J. Marlin Ernst & Sons trucking is still in business in the Pinedale section of West Brunswick Township. It’s run by Keith’s Ernst’s brother, Terry. Keith Ernst, who’s retired, began collecting trucks about 50 years ago.

“I thought it would be neat to work on trucks like my grandfather did,” he said, referring to John J. Ernst’s Gulf station in Deer Lake.

During a recent interview, Keith Ernst said there were once about 30 truck builders in Pennsylvania. Reading, Allentown and Scranton all had truck manufacturing plants. One of his favorites is a rare 1920 Vim huckster truck built in Philadelphia. Another prized possession is the 1938 Hahn fire truck, built in Hamburg, that was once in service at Good Will Hose Co. in Cressona. It has a distinctive grille whose shape resembles a butterfly.

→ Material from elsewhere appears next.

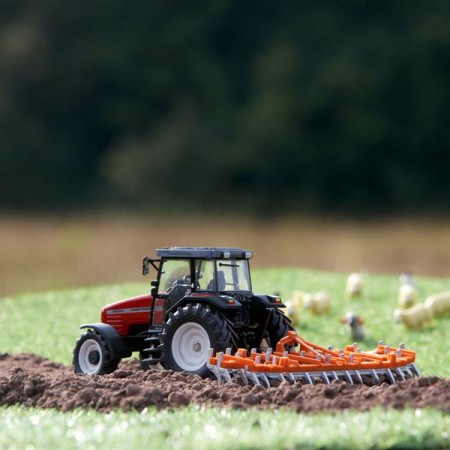 Модель Britains Трактор Massey Ferguson 6290 с культиватором 1: 32 Модель Britains Трактор Massey Ferguson 6290 с культиватором 1: 32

In addition to being an authority on the mechanics and body work of old trucks, Ernst also knows a lot about their history. A partnership formed by Jack Mack and Roland Carr built Maccar trucks in Scranton. Jack Mack and his brother, Gus, were the founders of Mack Trucks in Allentown. Ernst has a 1921 Maccar in his collection.

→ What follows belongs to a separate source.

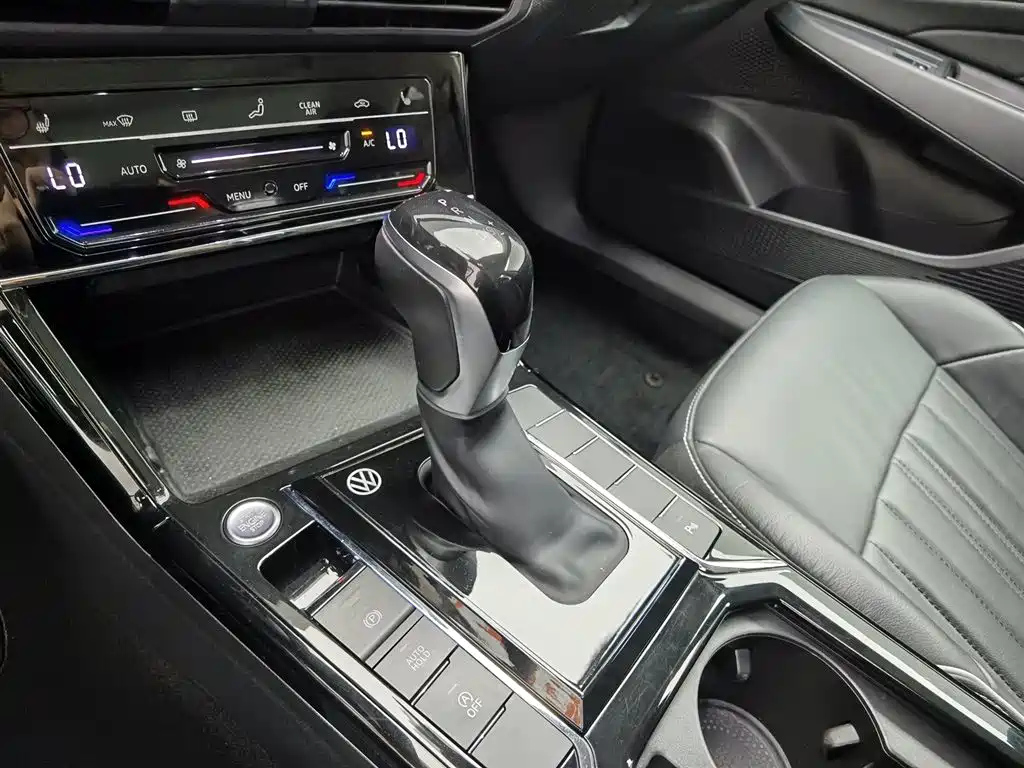 VOLKSWAGEN PASSAT 2022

A 1928 chain-drive International Harvester dump truck in his collection, Ernst said, worked on the building of the Boulder Dam on the Colorado River. It was powered by a McCormick-Deere tractor engine, he said. An old Selden truck, built in Allentown, harbors a backstory that figured in the development of the American automotive industry.

Before he built trucks, George B. Selden, a New Yorker, patented a combustion engine and enforced it on burgeoning auto manufacturers across the country.

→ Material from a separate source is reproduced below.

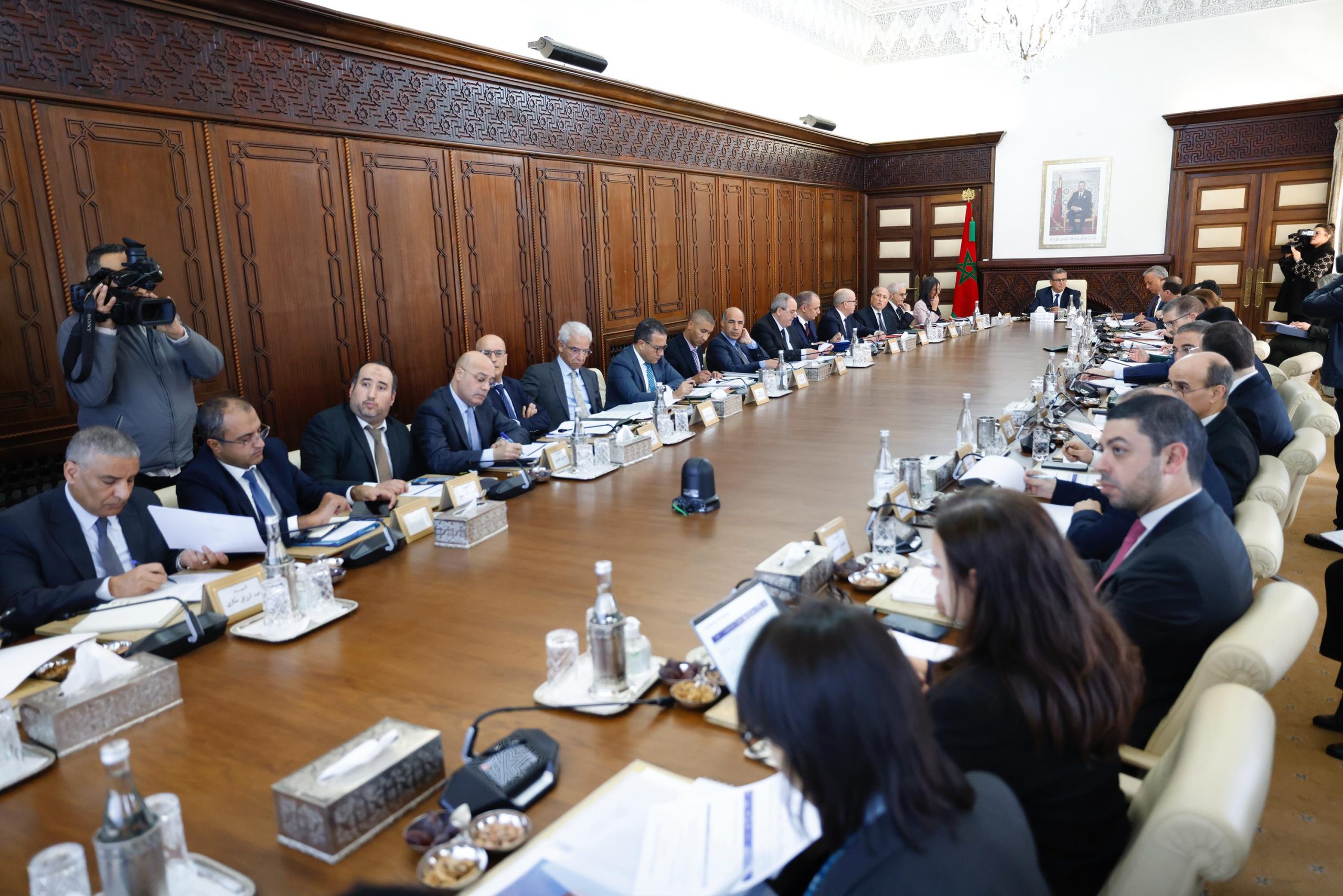 لجنة الإستثمارات تعقد دورتها السابعة برئاسة أخنوش وتصادق على 20 مشروعا توفر 27 ألف منصب شغل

In 1903, Selden filed a patent infringement lawsuit against none other than Henry Ford, the founder of Ford Motor Co. It took about eight years, but Ford finally won. In the process Henry Ford became a household name at a time when his Model T Ford was changing the American auto landscape.

Ernst has large framed photos of Ford’s Model A, which was introduced in 1928. He believes they once were in the windows of Morrison Motors, an Orwigsburg Ford dealership.

Model A’s were in such demand that smaller dealers like Morrison couldn’t get showroom models, Ernst said. Instead, dealers put photos of the car in the showroom window.

It’s well known that Pierce-Arrow built some of America’s finest luxury cars in the first four decades of the 20th century. What’s not as well known is that the Buffalo, N.Y., company also made trucks.

Ernst has a 1928 Pierce-Arrow Model H-B, a 5-ton dump truck, in his collection. It sold for around $3,500, and included innovative dual valves, dual ignition and shock absorbers on its front bumpers.

Perhaps its most amazing feature was an early form of turn signals. The driver pulled a lever, and a panel mounted on the rear of the cab flipped out to show the direction of the turn.